The DFSA is responsible for the registration, oversight and suspension / removal of Registered Auditors and Audit Principals operating in the DIFC in respect of their audits of Public Listed Companies, Authorised Firms, Authorised Market Institutions and Domestic Funds.
A copy of the DFSA’s Decision Notices can be found in the Regulatory Actions section of the DFSA website.
The Dubai Financial Services Authority (DFSA) is the independent regulator of financial services conducted in and from the Dubai International Financial Centre (DIFC), a purpose built financial free zone in Dubai. The DFSA’s regulatory mandate covers asset management, banking and credit services, securities, collective investment funds, custody and trust services, commodities futures trading, Islamic finance, insurance, crowdfunding platforms, money services, an international equities exchange and an international commodities derivatives exchange. In addition to regulating financial and ancillary services, the DFSA is responsible for administering Anti-Money Laundering (AML) and Combating the Financing of Terrorism (CFT) legislation that applies to regulated firms and Designated Non-Financial Businesses and Professions in the DIFC. Please refer to the DFSA’s website for more information.

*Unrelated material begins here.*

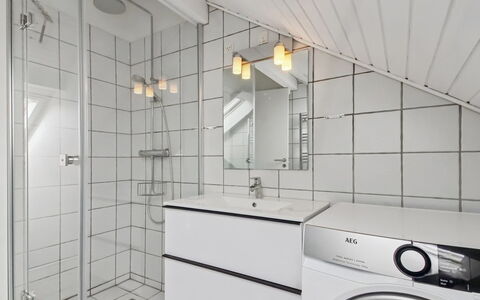 Gaida - 2.3Km from the Sea: Gulvbelægning, Indretning, Etage, Sanitærarmatur, Loft, Badeværelse, Håndvask, Vvs, Tap, Badeværelsesskab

Ian Johnston was appointed Chief Executive of the DFSA in September 2022. He previously served as the DFSA’s Chief Executive from 2012-2018. A lawyer by background, Ian had several senior executive roles in the private sector, including as CEO of one of Australia’s major trustee companies. The second half of his career being in regulation, Ian was an Executive Director at the Australian Securities and Investments Commission; Special Advisor at the Hong Kong Securities and Futures Commission; and since 2019, consulting to and advising a number of financial regulators in Europe, Asia and the Middle East.